Thomas Wierman Cohill
“Our deepest fear is not that we are inadequate. Our deepest fear is that we are powerful beyond measure. It is our light, not our darkness that most frightens us. We ask ourselves, who am I to be brilliant, gorgeous, talented fabulous? Actually, who are you not to be? You are a child of God. Your playing small does not serve the world. There is nothing enlightening about shrinking so that other people wont’ feel insecure around you. We are all meant to shine, as children do. We were born to make manifest the glory of God that is within us. It’s not just in some of us; it’s on everyone. And as we let our own light shine, we unconsciously give other people permission to do the same. As we are liberated from our own fear, our presence automatically liberates others.”
Inspirational author, lecturer, and spiritual teacher
I believe sports and athletics are a wonderful way for all of us to stay strong in spirit, mind and body. Swimming is one of the very few athletic pursuits which allow lifelong opportunities for both fitness and competition. This, coupled with the individual pursuit of a goal, while being part of a team, separates swimming from other athletic endeavors. Often times swimming is looked at as an individual sport, but without the support of teammates, coaches, and parents, the intensity needed to improve through the years is very difficult to sustain on a daily basis.

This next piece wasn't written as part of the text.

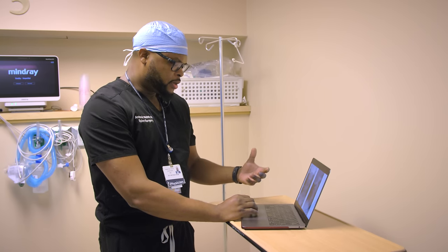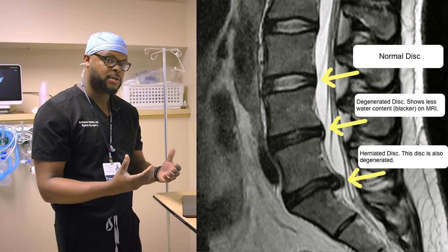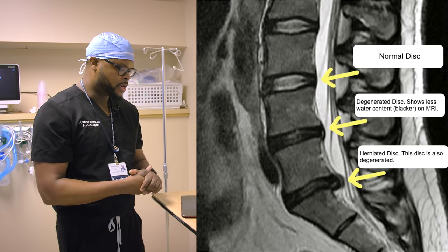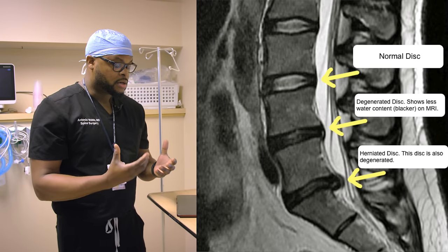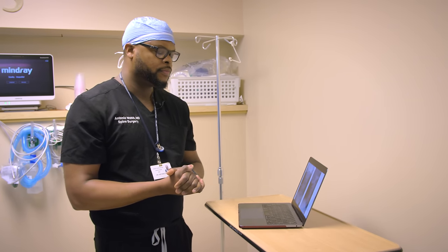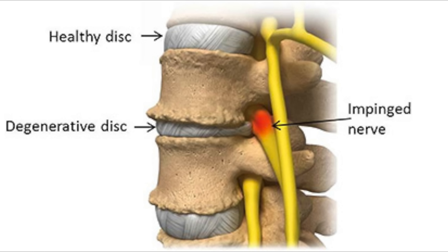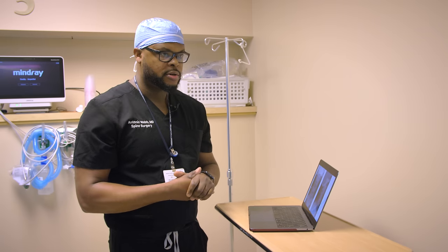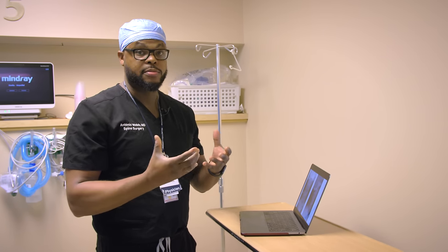When we are young, the discs — the cushions between the bones — give space for the nerves. But as we get older, those discs degenerate, turn dark on MRI images, and that's called disc desiccation. Patients get disc degeneration disease, which can be very painful. Another consequence is arthritis — when you lose the cushions, it's bone on bone, which is also very painful. The goal of this procedure is not only to remove that diseased disc but also to fuse those levels because of the arthritis, which we call spondylosis.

As a coach I want to see the athletes I work with attain their goals. But a goal must be set before pursued. The choice of a goal takes time and is a delicate balance. The goal has to be important enough to the athlete to help motivate them on a daily basis, even in the face of considerable stress and distraction.
At the end of the day, athletes’ have only one person to answer to, and that is themselves. I can write a workout, I can push the swimmer, but in the end, the athlete is the only one who can answer whether he or she has pushed as hard as is possible at practice. Everyday the athlete is responsible for the effort put in.

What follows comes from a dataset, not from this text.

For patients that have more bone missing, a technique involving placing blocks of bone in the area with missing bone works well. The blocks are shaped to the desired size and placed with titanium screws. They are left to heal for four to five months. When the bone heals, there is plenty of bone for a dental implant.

The beauty of swimming is the concrete way the sport is measured: time. I always caution athletes and parents to not solely focus on the time. However, if an athlete is not achieving best times or at least matching their best times at points through the season there could be reasons for the pause in progress. Lack of intensity or reaching a plateau signals a need for a change in workout.

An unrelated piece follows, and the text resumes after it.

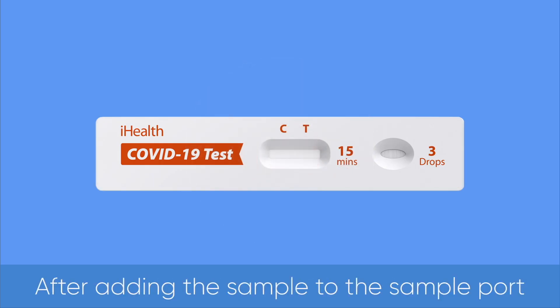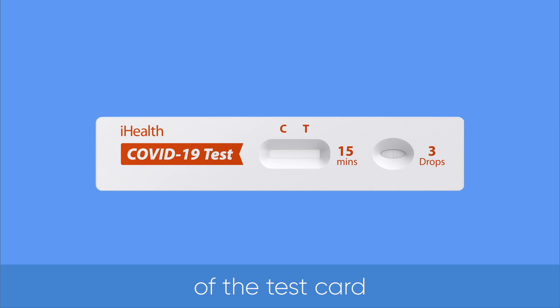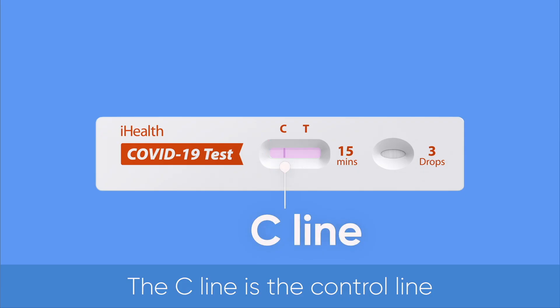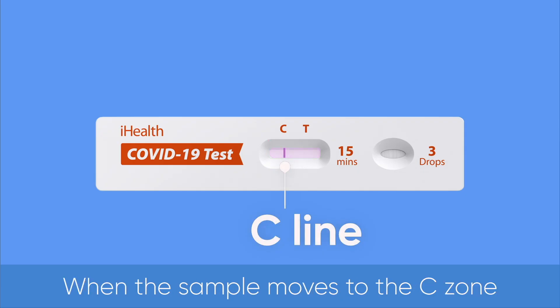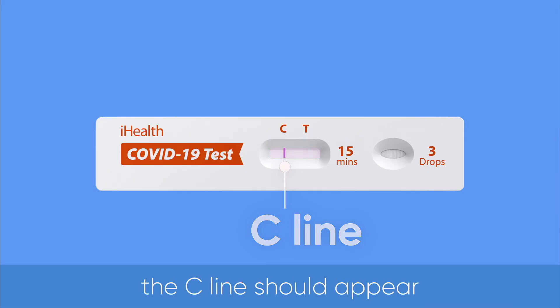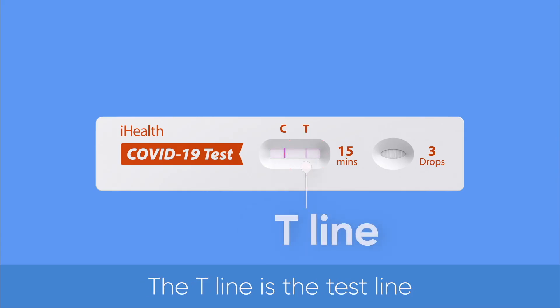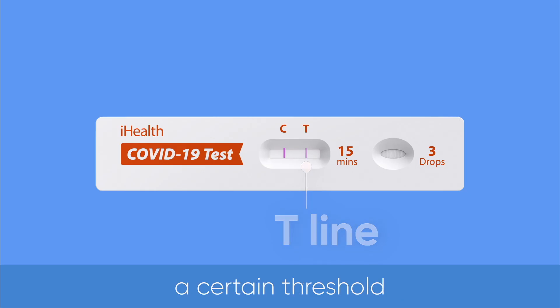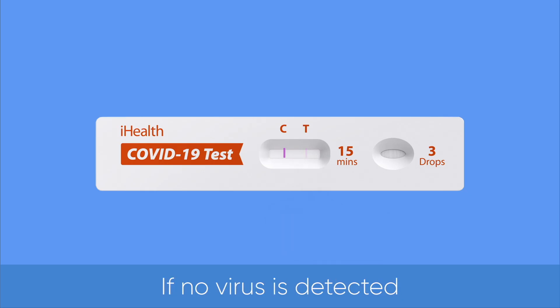After adding the sample to the sample port of the test card, the sample solution will automatically move across the result window. The C-line is the control line. When the sample moves to the C-zone in the result window, the C-line should appear. The T-line is the test line. It should appear if virus concentration reaches a certain threshold. If no virus is detected, the T-line will not appear.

The important thing to realize is that there are many tangible benefits to being on a team. Learning to work with others, helping younger swimmers grow, and being a leader are just a few that come to mind. In the long run, sports are not very important, but the lessons one can learn from participation are. Commitment on a daily basis, hard work at practice, and supporting teammates, while they do the same, are the important things we learn from athletic pursuits.